- EXERCISE DESCRIPTION: From the line that contains "Parlor - Dining" through the line that contains "Alipis 18 Piezas", output every line of the listing below exactly and leave out all the rest.

+ + + + + + +

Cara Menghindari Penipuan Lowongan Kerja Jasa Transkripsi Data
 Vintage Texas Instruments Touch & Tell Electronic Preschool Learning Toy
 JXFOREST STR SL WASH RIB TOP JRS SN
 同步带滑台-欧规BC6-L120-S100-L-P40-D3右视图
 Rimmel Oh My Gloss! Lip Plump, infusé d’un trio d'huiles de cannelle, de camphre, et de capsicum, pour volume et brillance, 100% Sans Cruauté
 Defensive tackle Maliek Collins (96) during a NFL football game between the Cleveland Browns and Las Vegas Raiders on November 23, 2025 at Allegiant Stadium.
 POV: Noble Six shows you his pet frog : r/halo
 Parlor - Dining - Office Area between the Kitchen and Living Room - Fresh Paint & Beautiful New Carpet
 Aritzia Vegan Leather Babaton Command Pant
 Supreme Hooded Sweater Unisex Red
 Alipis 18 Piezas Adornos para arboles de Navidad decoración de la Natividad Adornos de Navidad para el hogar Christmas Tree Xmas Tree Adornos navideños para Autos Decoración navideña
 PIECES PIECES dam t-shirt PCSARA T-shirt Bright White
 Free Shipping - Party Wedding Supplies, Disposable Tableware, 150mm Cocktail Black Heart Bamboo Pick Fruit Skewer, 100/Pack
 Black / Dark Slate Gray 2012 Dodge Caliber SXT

+ + + + + + +

- WRITTEN ANSWER:
 Parlor - Dining - Office Area between the Kitchen and Living Room - Fresh Paint & Beautiful New Carpet
 Aritzia Vegan Leather Babaton Command Pant
 Supreme Hooded Sweater Unisex Red
 Alipis 18 Piezas Adornos para arboles de Navidad decoración de la Natividad Adornos de Navidad para el hogar Christmas Tree Xmas Tree Adornos navideños para Autos Decoración navideña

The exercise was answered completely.